High-resolution and long video lengths can cause an out-of-memory error during generation. If you see an “allocation on device” error, reduce the width, height, or length parameter in the WanVaceToVideo node.

Video resolution

The Wan 2.1 VACE 14B model supports resolution from 480p to 720p.

Here are some commonly used resolutions:

480 p (SD)
- 640 × 480 (4:3)
- 854× 480 (16:9)
720p (HD)
- 960 x 720 (4:3)
- 1280 × 720 (16:9)

To set the video resolution, change the width and height of the WanVaceToVideo node.

Reducing the resolution is an effective way to speed up image generation.

Seed

Change the seed value in the KSampler node to generate a new video.

5 comments

Виктор says:

July 8, 2025 at 6:04 am

Привет Андрей! Подскажи пожалуйста, у меня на питон 3.12 не устанавливается Тритон. Что мне делать?

1. Andrew says:
  
  July 8, 2025 at 7:22 am
  
  that depends on your setup. Try triton-windows if you are on windows.
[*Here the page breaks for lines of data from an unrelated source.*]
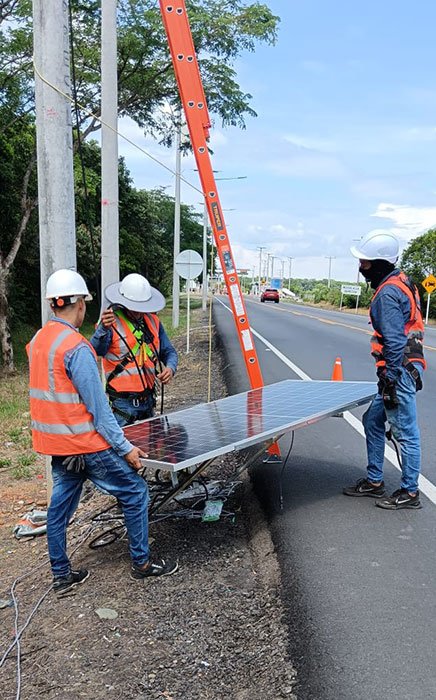 Paneles-Solares-en-Villavicencio-instalación-3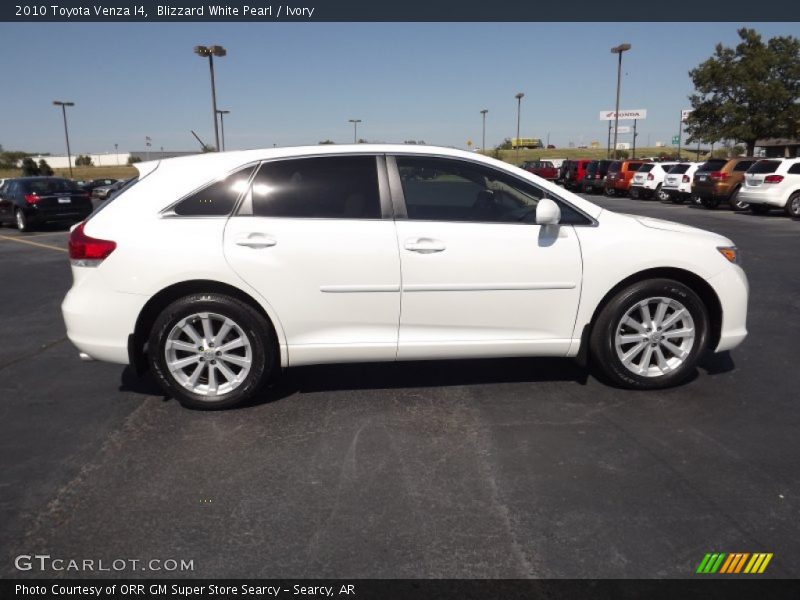 Blizzard White Pearl / Ivory 2010 Toyota Venza I4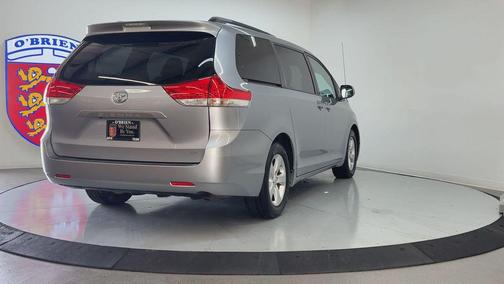 Silver Sky Metallic 2013 Toyota Sienna LE
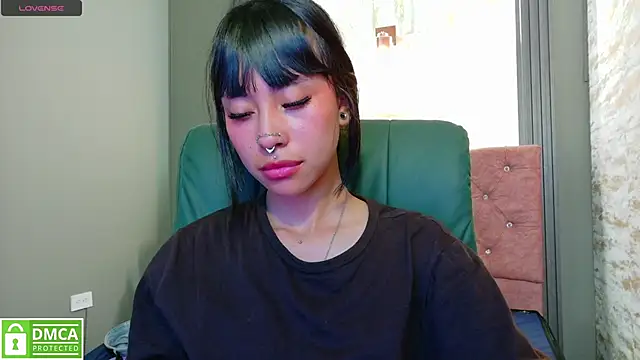  mavis2 online show from September 19, 2025, 7:58 pm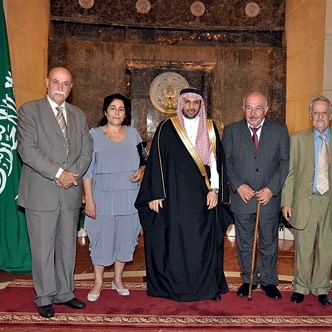 طالبات وطلاب سعوديون في لبنان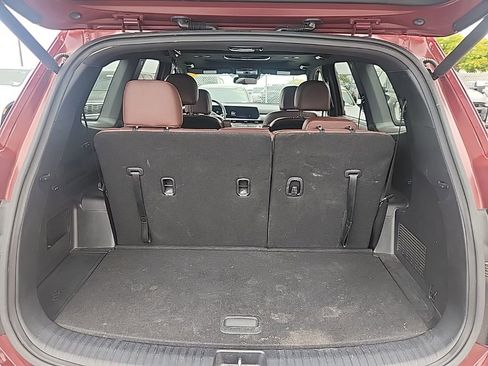 Certified 2023 Kia Telluride EX w/ EX Captain's Chair Package FWD image 17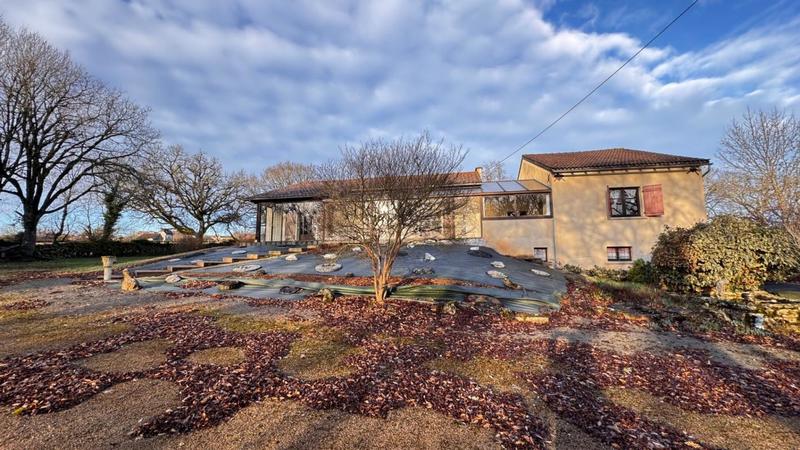 Maison - 104 m² - 4 pièces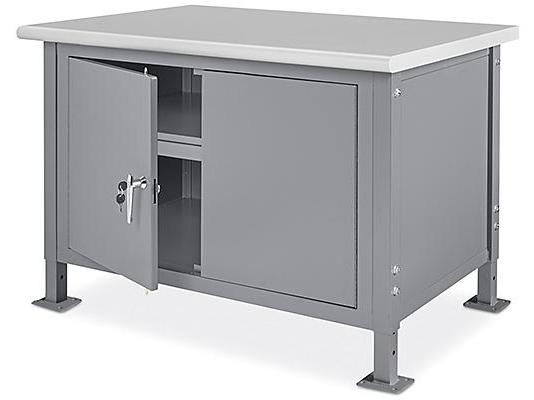 Workbenches & Packing Tables
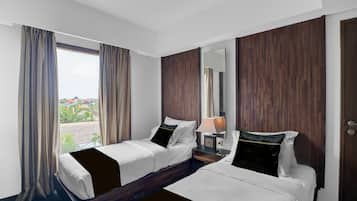 Kamar Twin Deluks | Minibar, brankas, meja kerja, dan tirai kedap cahaya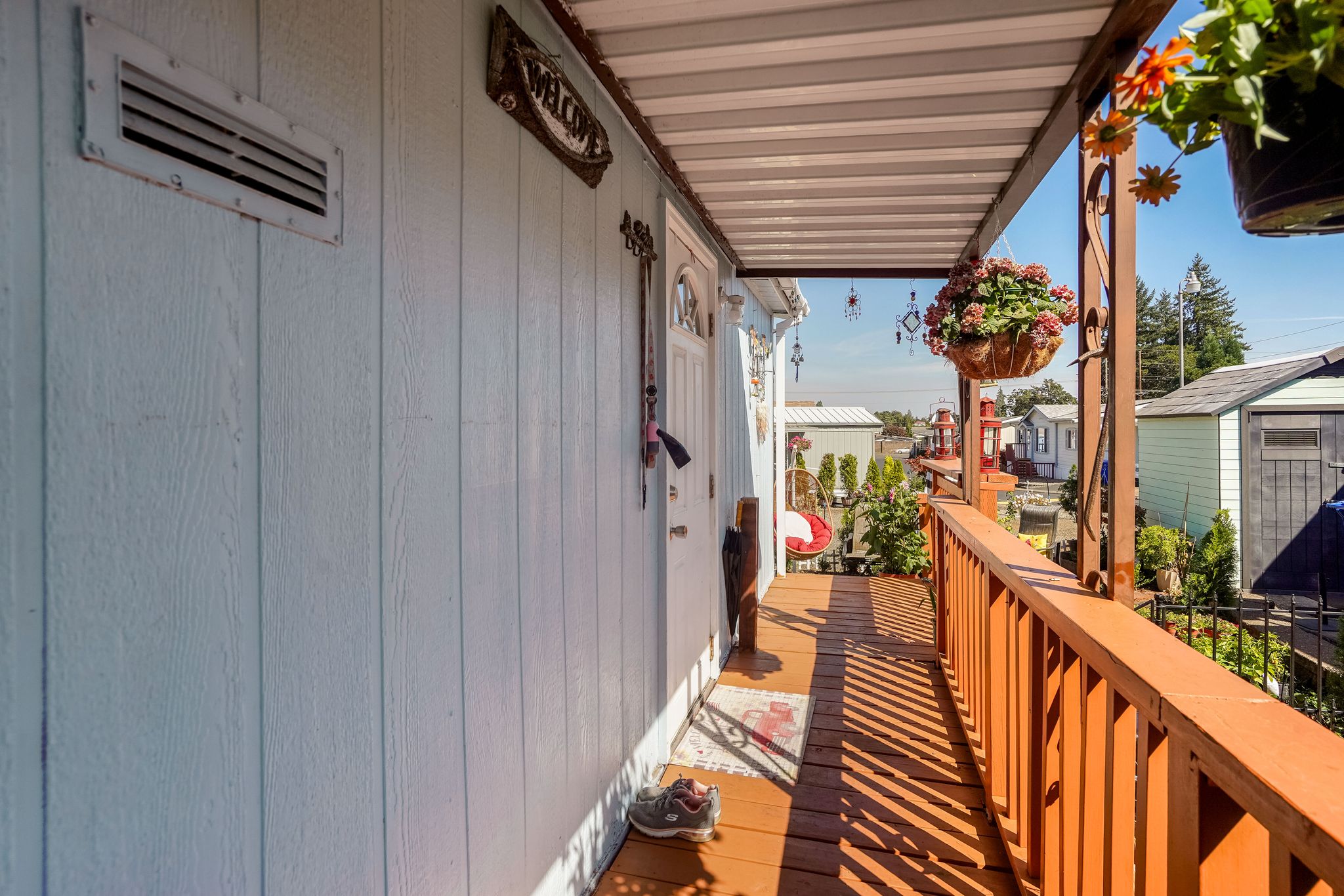 SUNNYSIDE05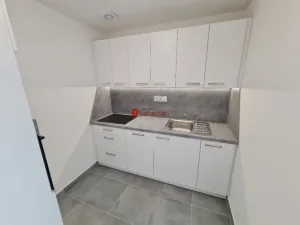 Pronájem bytu 2+1, Teplice - Trnovany, Antonína Sochora, 37 m2
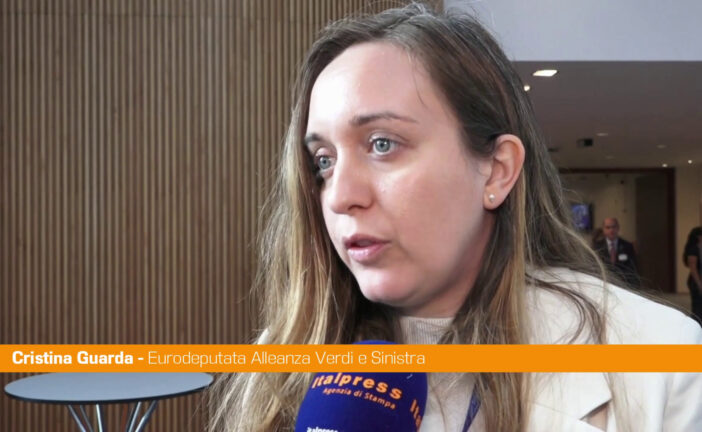 Immigrazione, Guarda "Il patto Ue nega diritti umani, in Albania deportazioni"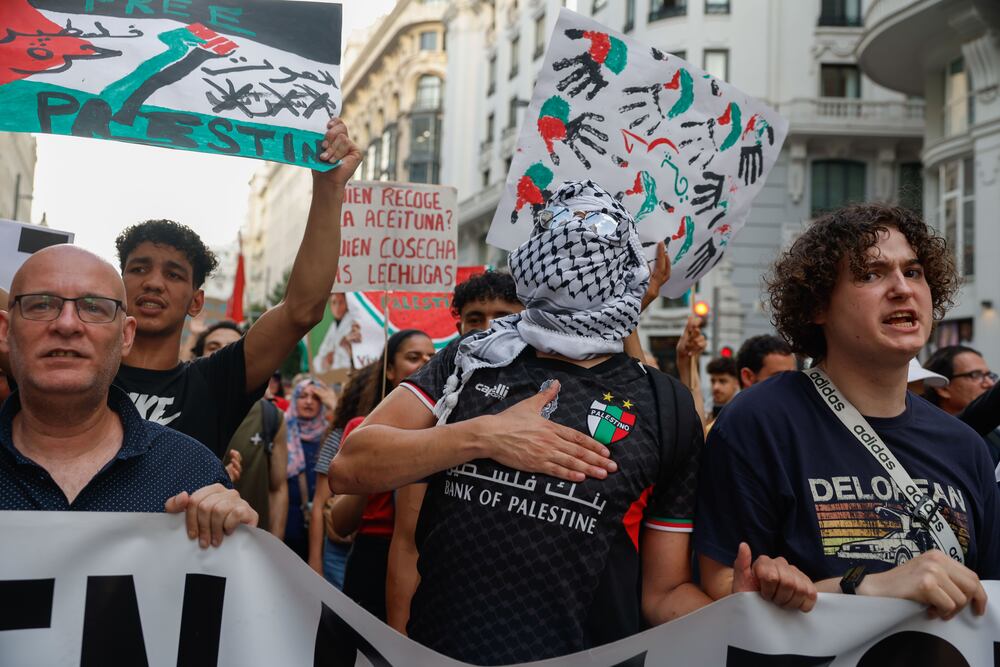Varios miles de personas se manifiestan en Madrid contra “los 20 meses ...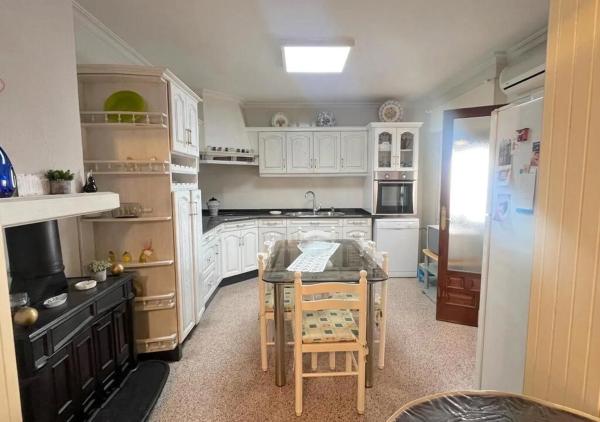 Chalet pareado en calle San Miguel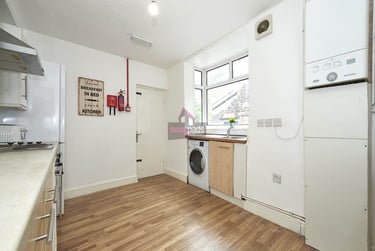 5 bed house, Salford, Pendleton, M67DU - Image 2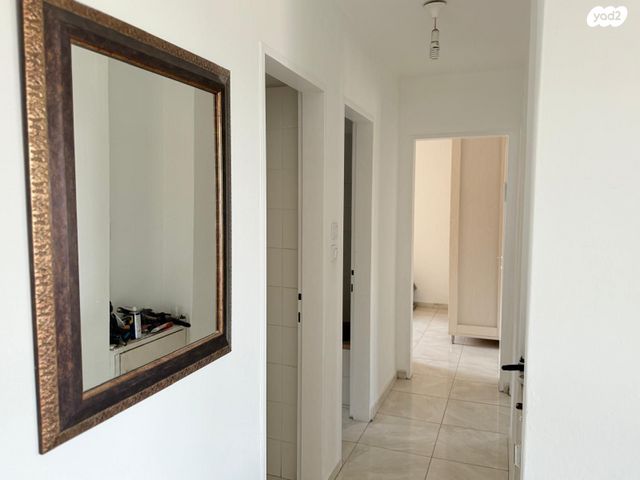 דירה, מרדכי אלקחי, ארמון הנציב, תלפיות מזרח, ירושלים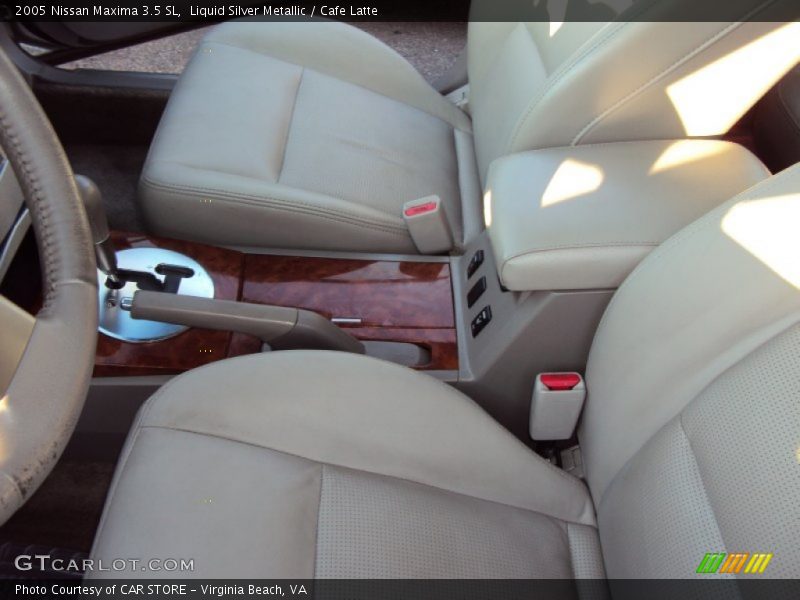 Liquid Silver Metallic / Cafe Latte 2005 Nissan Maxima 3.5 SL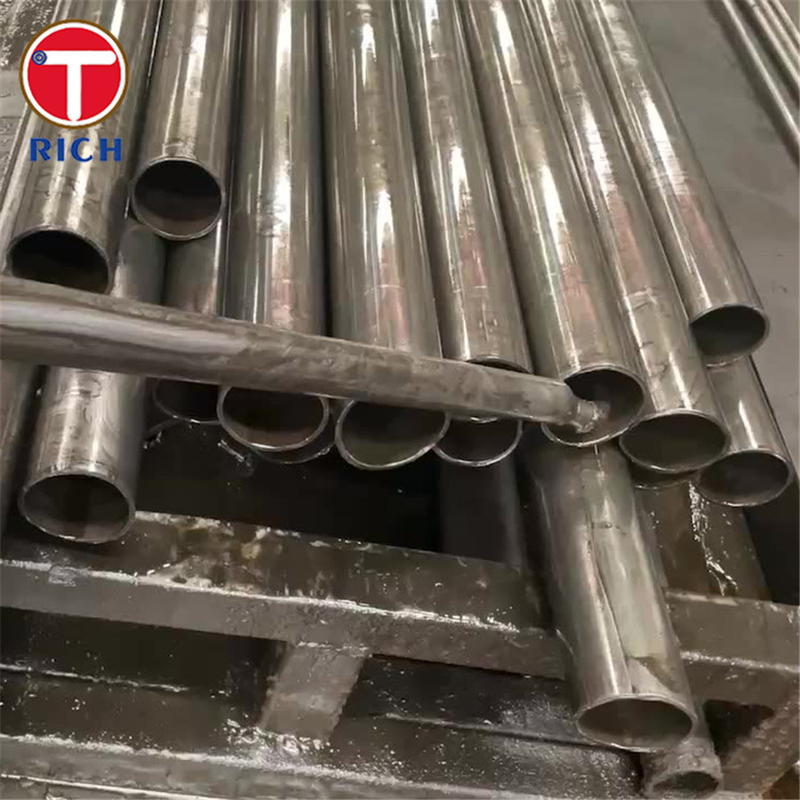 ASTM A672 A50 Сварная стальная труба Электрическая сварная стальная труба для работы под высоким давлением при умеренных температурах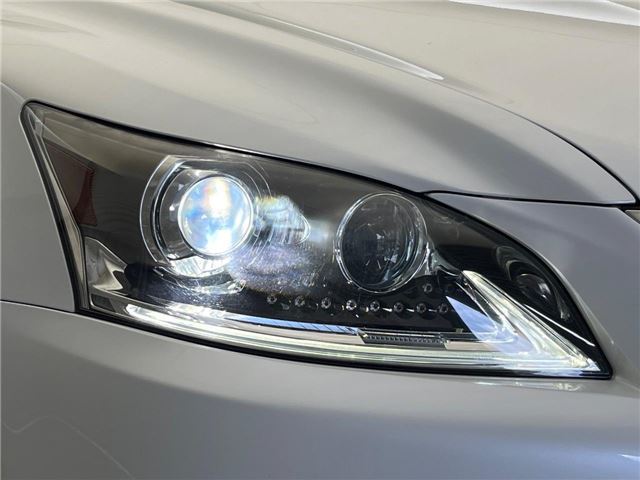2013 Lexus LS — миниатюра 14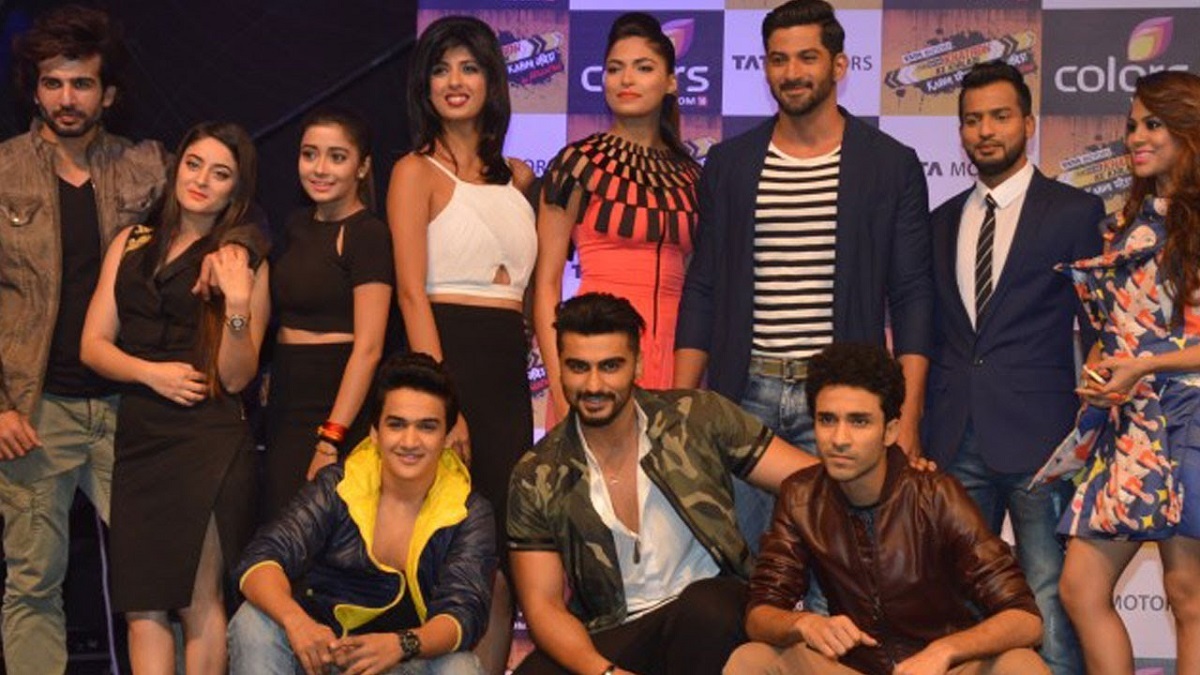 Yuvraj Walmiki with host Arjun Kapoor and co-contestants of Khatron Ke Khiladi season 7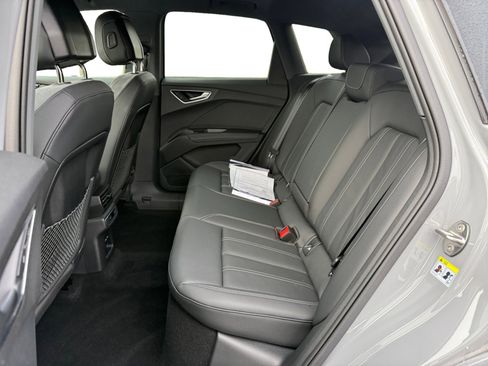 Certified 2025 Audi Q4 e-tron Premium w/ Convenience Package image 16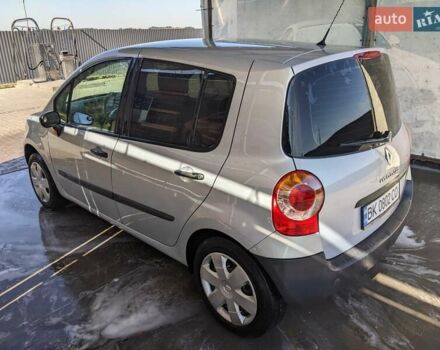 Серый Рено Модус, объемом двигателя 1.1 л и пробегом 170 тыс. км за 3800 $, фото 2 на Automoto.ua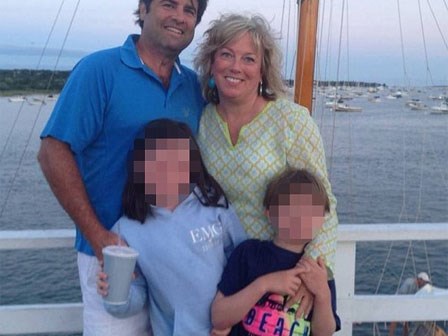 Bị phát hiện dùng Tinder để ngoại tình, người đàn ông không từ thủ đoạn sát hại vợ trong bồn tắm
But triton is known to be not compatible with some popular packages.
  
David Rawlins says:

June 17, 2025 at 4:39 pm

Thanks, Andrew, the Colab notebook doesn’t seem to load the vace model, only the other Wan models

1. Andrew says:
  
  June 20, 2025 at 3:29 pm
  
  It should be working now.
  
  1. David Rawlins says:
    
    June 21, 2025 at 7:16 am
    
    Thanks, Andrew.
    I used Colab A100 and a 3:4 Flux image with your video as starters. Generation of a 4 sec video at 16 fps took 16 mins at 720×960 and 7 mins at 544×720 (3:4).
    The video quality seems very good and there was only a slight dropoff in quality at the lower resolution.